This is the time when political parties knock up manifestos. Some of them have taken down their old ones from their websites lest inquisitive persons try to check the implementation score. Parties have also made bonfires out of 2014 manifestos of their rivals in New Delhi to highlight the unfulfilled promises.
Few would remember any manifesto that seriously dealt with the crisis in judiciary persisting for decades. So no promises have been broken. There is no vote bank here, and the litigants’ distress is not on par with that of farmers or jobless youth. Several chief justices had warned the government that the legal edifice is collapsing. One of them said so before Prime Minister Narendra Modi at a public function and was seen wiping his eyes. Judges have speculated the time it would take to clear the 30 million arrears of cases, and the guesstimates run up to one or two centuries.
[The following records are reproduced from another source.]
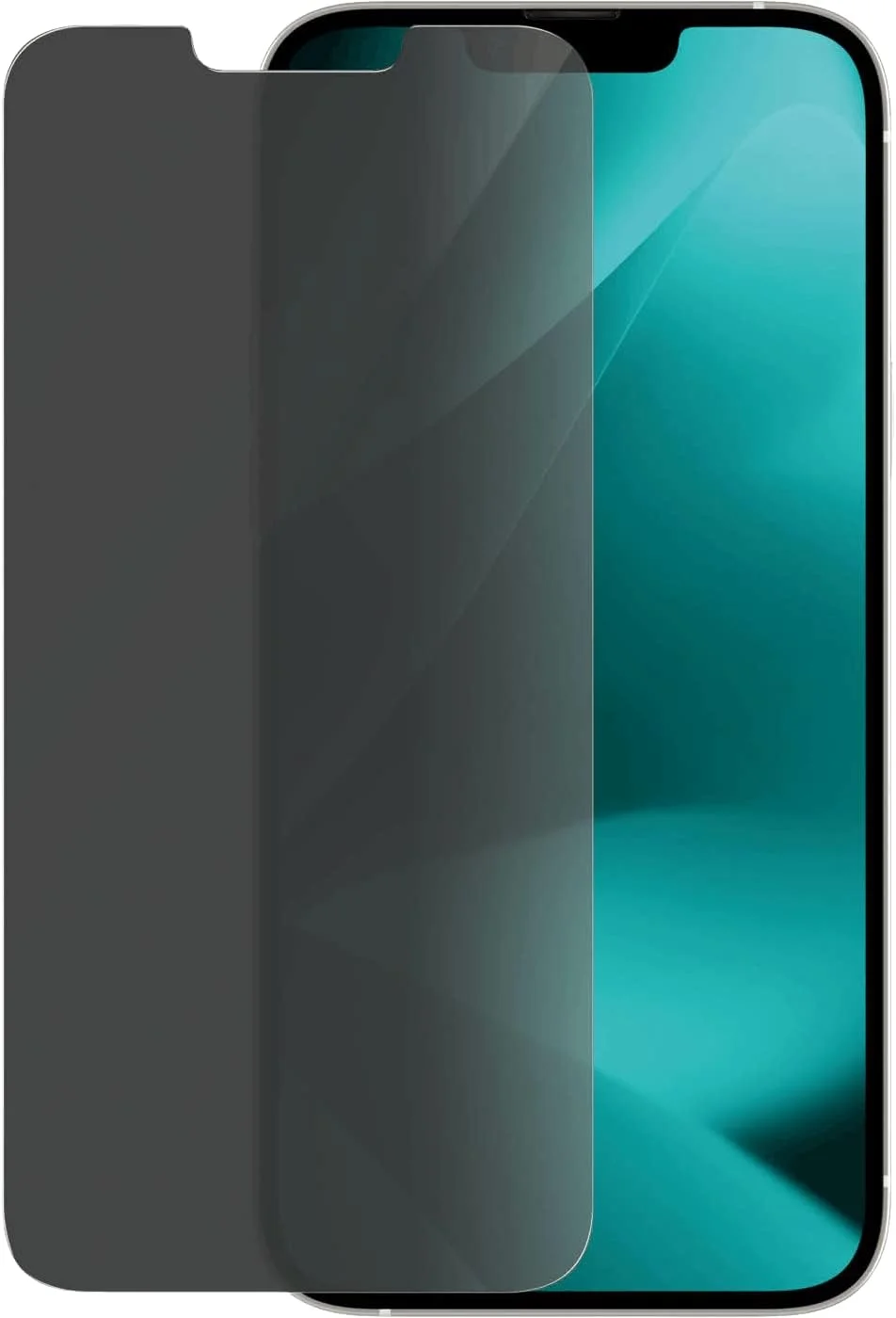 محافظ صفحه نمایش حریم خصوصی PanzerGlass CLASSIC FIT برای Apple iPhone 14 Plus 2022 6.7 اینچ - فیلتر حریم خصوصی شیشه ای حرارت دیده با پوشش ضد میکروبی، سازگار با قاب، استحکام الماس - شفاف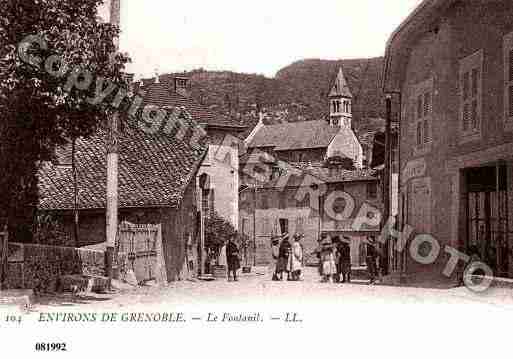 Ville de FONTANILCORNILLON, carte postale ancienne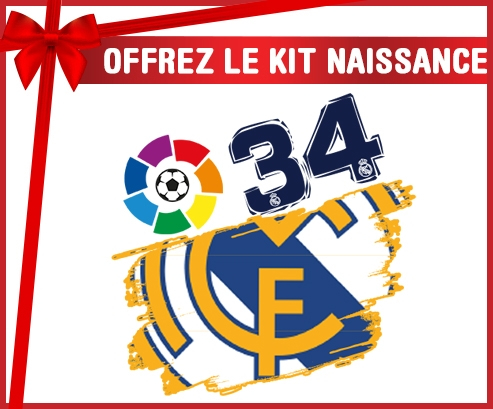 kit naissance real Madrid: Campeones 34 Liga design-6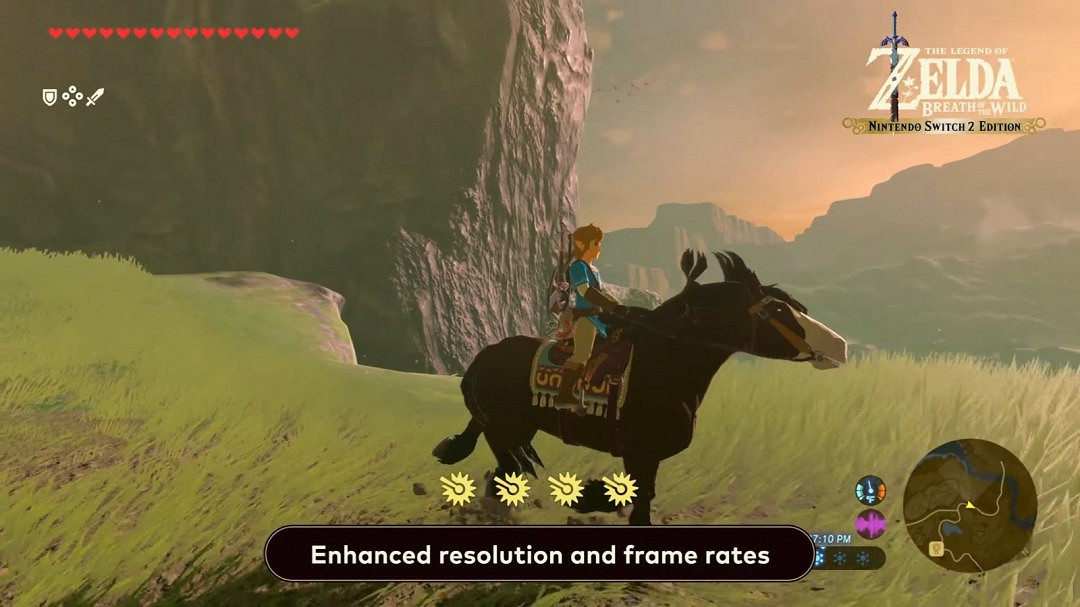 《曠野之息》《王國之淚》獲Switch 2版 需購買升級包強化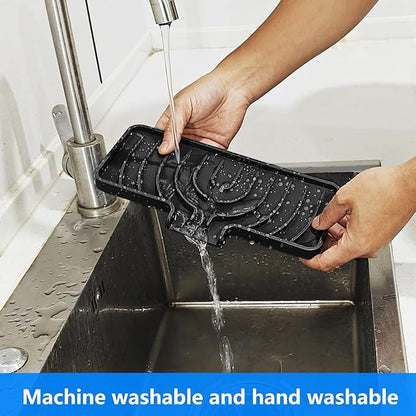 Sponge Holder for Kitchen Sink, Dish Sponge Holder & Soap Tray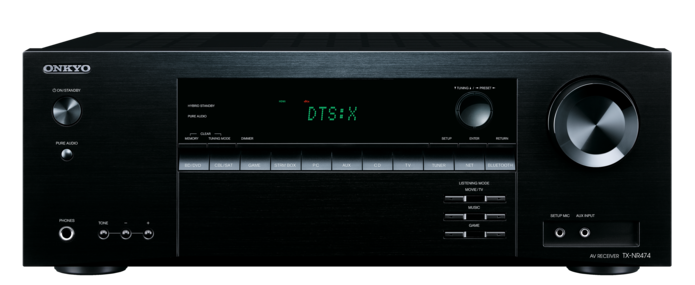 Onkyo TX NR 474E B   AV Receiver (Atmos, WLAN) für 272€ (statt 316€)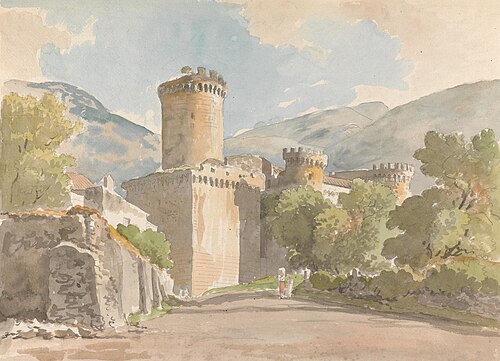 Fondi: Il Castello, , Carlo Labruzzi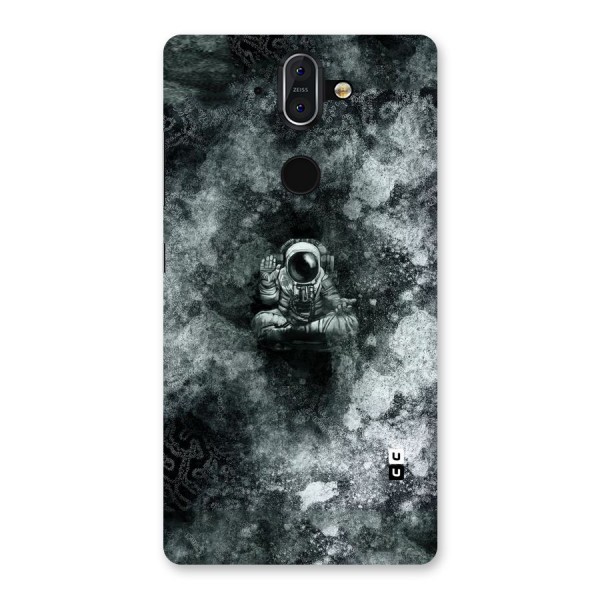 Meditating Spaceman Back Case for Nokia 8 Sirocco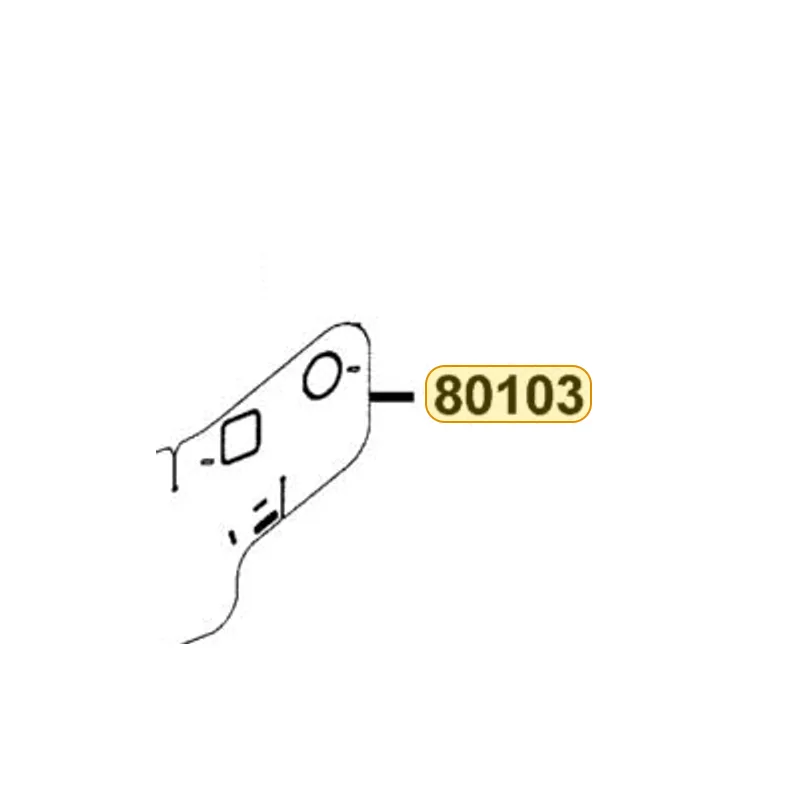 80103-LCD3-E01 PLATE SPLASH BOARD — diagram cutout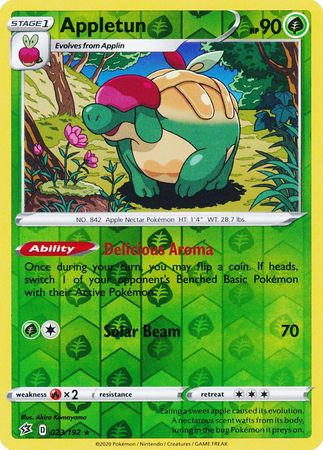 023/192 Appletun Rare Reverse Holo Rebel Clash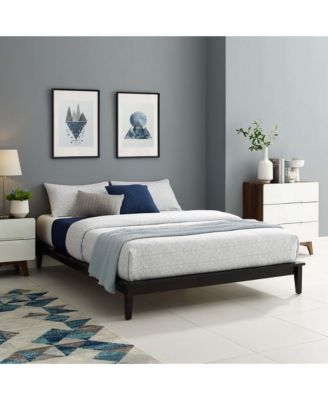 Lodge Wood Platform Bed Frame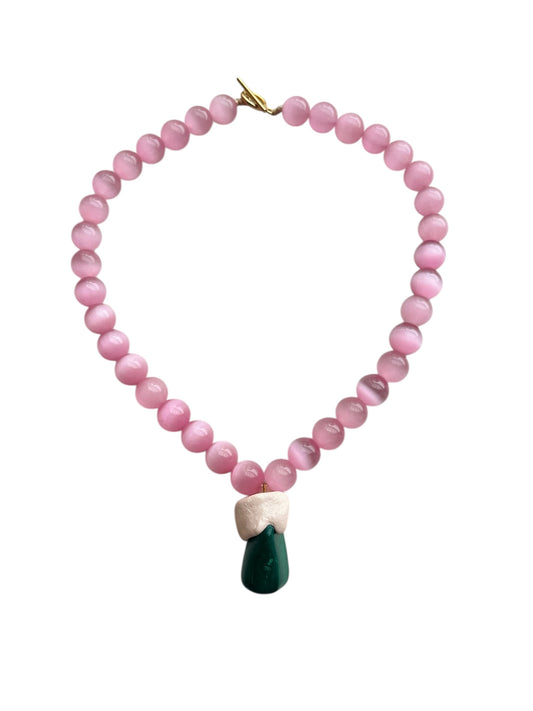 Malachit ásvány nyaklánc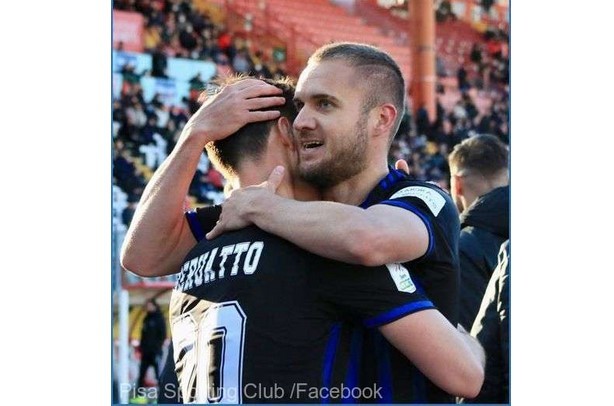 Fotbal: George Puşcaş a marcat pentru Pisa, în Serie B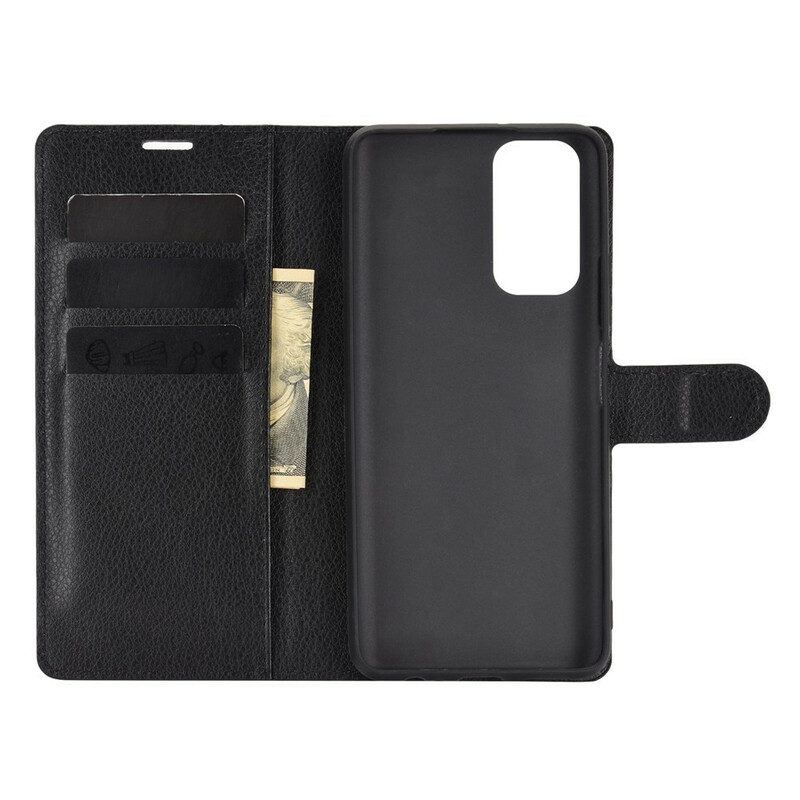 Folio-hoesje voor Honor 10X Lite Klassieke Lychee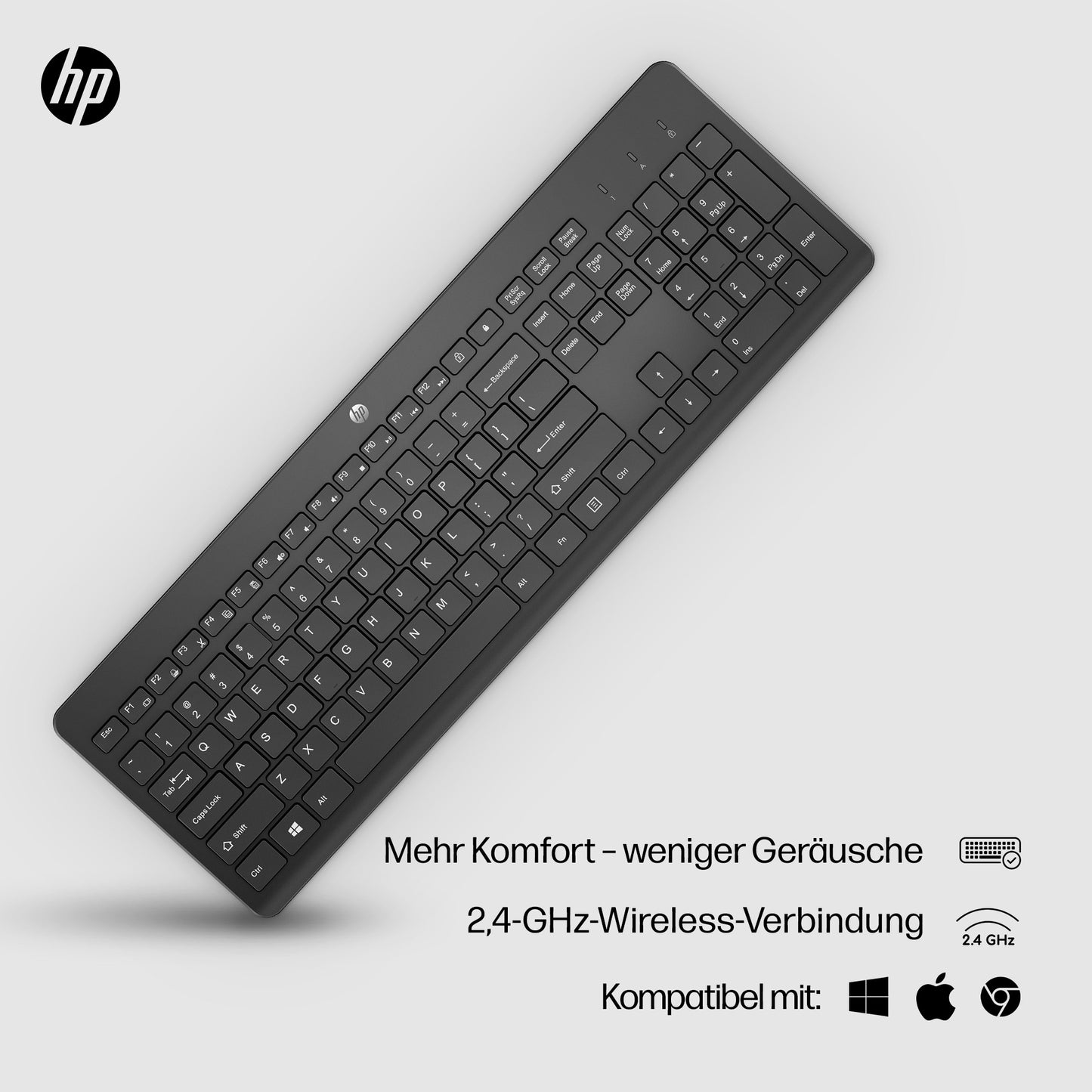 HP 230 - kabellos - QWERTZ - Tastatur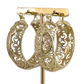 Filigree Hoop Earrings – Intricate Gold Statement Hoops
More education, rise in awareness of rights among the people and the neglect of this sector by successive governments will bring the apocalypse closer.
Though it is well known that budgets allocate a measly 0.2 per cent for judiciary, no election manifesto has touched on the lack of infrastructure of courts. A report to the Supreme Court last month showed that the central grant to state judicial infrastructure reduced by half in recent years. A bench presided over by Chief Justice Ranjan Gogoi stated in court that a visit to some subordinate courts revealed that their condition was unimaginably pathetic for years. “Court rooms are dilapidated, judicial officers work in court rooms partitioned by curtains. They are expected to write judgments expeditiously,” the judges remarked. It is reported that 140 cases were pending in subordinate courts for more than 60 years.
The situation at the apex level is no better. Digging into the archives of the Supreme Court one would realise the enormity of the crisis. There are more than 260 Constitution matters that have been referred to benches of five judges. Some of them were ripe for hearing in 1992. The questions are extremely complex, like the right to property after the constitutional amendments during the 1975 Emergency. Then there are 11 matters referred to benches of seven judges. They also belong to the same old vintage and involve intricate topics like the privilege of legislature versus freedom of the media. Then there are 132 cases waiting to be heard by nine-judge benches. If those gnawing issues are to be heard by Constitution benches, the rest of some 60,000 cases in the Supreme Court would be further delayed. Many old civil appeals have titles in which the name of the petitioner or respondent is followed by (D), which means they have passed away bequeathing the files to their legal representatives. The situation in the high courts is even worse.
It would seem that politicians want the judiciary to remain the way it is. It was found recently that cases of lawmakers had gone on for three decades though the Supreme Court had ordered they should be concluded within one year. In cases involving ordinary citizens some of them have exceeded four decades. As a result, jails are overcrowded; some of them accommodating more than double their capacity. Two out of three prisoners are waiting for their trial to conclude. Many of them have spent more time in detention than the maximum prescribed punishment for their offence. Reports to the Supreme Court showed that 4.3 lakh inmates shared rooms built for 3.8 lakh. This is in contrast to the plush suite allegedly provided to a politician in a Karnataka jail or a cell in Mumbai “redecorated”, in the words of a London magistrate, waiting for a fugitive tycoon.
These grim statistics crave the attention of the architects of manifestos. Linked to them is the nagging tussle between the government and the collegium that selects judges. However, the litigants’ anguish finds no mention in the cascade of promises showered on the economic, religious and communal sectors. The harvest is high there. It is not that the voters take election promises at their face value. But even a few words of reassurance are missing for those litigants who listlessly trudge the gloomy court buildings.